Download UNetbootin here, insert your flash drive, and run the program you downloaded.
Where it says ‘distribution’, drop down the menu and choose Ubuntu (or whatever distro you want, if you prefer something else). If you already downloaded the CD image, then instead choose the disk image option and point it to the disk image you downloaded. At the bottom, choose your drive from the drop down (if it doesn’t show up in the list, make sure the type is set to flash drive, that your flash drive is plugged in, and that other programs like a file manager can open it””if it still doesn’t show, try closing and re-opening UNetbootin). Then hit OK and let the program work its magic. Once it’s done, head to the next step.

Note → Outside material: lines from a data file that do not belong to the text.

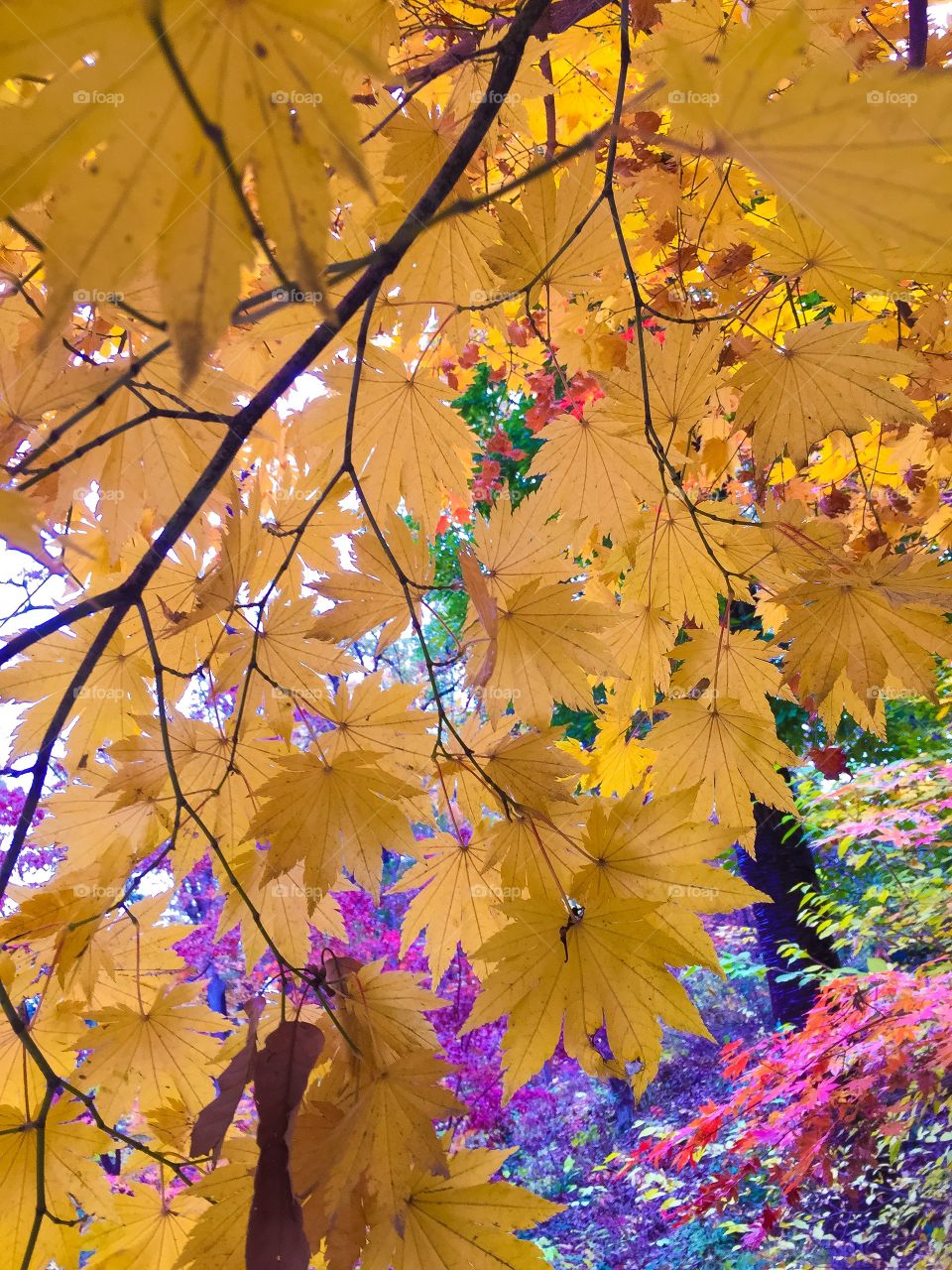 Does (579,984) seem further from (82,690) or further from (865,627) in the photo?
(82,690)

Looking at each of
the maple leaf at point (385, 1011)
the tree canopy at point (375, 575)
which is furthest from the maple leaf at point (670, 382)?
the maple leaf at point (385, 1011)

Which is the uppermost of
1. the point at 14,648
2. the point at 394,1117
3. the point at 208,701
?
the point at 208,701

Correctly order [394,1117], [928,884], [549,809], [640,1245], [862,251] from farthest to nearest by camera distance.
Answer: [640,1245], [928,884], [549,809], [394,1117], [862,251]

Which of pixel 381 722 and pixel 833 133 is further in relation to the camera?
pixel 381 722

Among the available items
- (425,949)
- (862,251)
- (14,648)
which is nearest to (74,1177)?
(425,949)

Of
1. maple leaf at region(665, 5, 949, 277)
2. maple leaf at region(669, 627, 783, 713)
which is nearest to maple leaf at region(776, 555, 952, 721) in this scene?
maple leaf at region(669, 627, 783, 713)

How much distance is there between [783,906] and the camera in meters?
5.81

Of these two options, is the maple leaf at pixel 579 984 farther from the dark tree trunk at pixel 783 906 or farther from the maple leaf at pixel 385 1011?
the dark tree trunk at pixel 783 906

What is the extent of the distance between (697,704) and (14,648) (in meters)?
0.83

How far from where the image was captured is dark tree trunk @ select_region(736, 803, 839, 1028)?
5535 millimetres

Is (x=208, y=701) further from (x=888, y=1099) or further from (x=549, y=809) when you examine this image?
(x=888, y=1099)

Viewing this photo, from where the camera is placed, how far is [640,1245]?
5258 millimetres

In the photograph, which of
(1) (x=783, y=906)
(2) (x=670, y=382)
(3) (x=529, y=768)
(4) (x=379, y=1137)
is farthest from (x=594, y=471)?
(1) (x=783, y=906)

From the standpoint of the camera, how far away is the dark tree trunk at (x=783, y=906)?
554cm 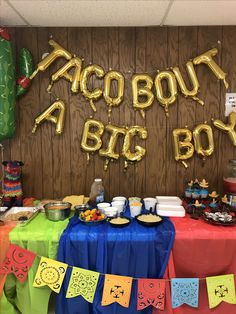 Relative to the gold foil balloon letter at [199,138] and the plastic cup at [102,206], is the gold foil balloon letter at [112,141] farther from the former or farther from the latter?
the gold foil balloon letter at [199,138]

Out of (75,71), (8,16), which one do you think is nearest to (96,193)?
(75,71)

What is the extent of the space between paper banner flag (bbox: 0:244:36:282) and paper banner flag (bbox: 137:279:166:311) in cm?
61

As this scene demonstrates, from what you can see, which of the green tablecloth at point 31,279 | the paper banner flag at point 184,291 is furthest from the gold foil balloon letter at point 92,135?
the paper banner flag at point 184,291

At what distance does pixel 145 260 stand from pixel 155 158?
0.84m

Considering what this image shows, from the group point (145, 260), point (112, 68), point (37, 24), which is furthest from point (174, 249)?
point (37, 24)

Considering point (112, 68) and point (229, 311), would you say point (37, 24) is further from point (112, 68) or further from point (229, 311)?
point (229, 311)

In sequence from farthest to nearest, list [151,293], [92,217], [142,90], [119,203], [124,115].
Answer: [124,115] < [142,90] < [119,203] < [92,217] < [151,293]

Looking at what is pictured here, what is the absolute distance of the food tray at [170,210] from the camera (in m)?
1.96

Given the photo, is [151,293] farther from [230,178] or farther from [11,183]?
[11,183]

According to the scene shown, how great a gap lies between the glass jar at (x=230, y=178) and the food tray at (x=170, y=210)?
0.34 meters

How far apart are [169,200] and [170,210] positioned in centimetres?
19

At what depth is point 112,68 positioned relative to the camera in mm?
2229

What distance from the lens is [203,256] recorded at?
1727 mm

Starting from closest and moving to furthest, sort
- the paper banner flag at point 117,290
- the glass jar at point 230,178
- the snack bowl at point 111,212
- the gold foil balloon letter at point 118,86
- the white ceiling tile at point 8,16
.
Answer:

Now, this will only work if your machine can boot from an USB (most can). To do this: Reboot your PC, and either open the BIOS with whatever key it says (F2 on mine) and change the first boot device to an USB flash, or get a one-time boot menu (F12 on mine) and choose USB flash. It will open up just like the Live CD would. Then choose whatever language you want and start the installation. Make sure you know what partition you’re going to use: the setup will give you a partition manager to manage the partitions, but it’s a good idea to already know which disk you want to use, how much free space it has for a new partition, et cetera. Once you’re done, you can wipe the flash drive and use it for whatever you’d normally use it for (you couldn’t do that with a CD unless it was a CD-RW, but those are more expensive and aren’t as good for data quality).
If you already have a Wubi-installed operating system, you can use LVPM to upgrade it to a regular installation, but I won’t get into all the details here (maybe in a later post, but there’s a pretty thorough guide at the project page).
So there you go, a full Linux installation without having to burn a single CD, with all the features and performance.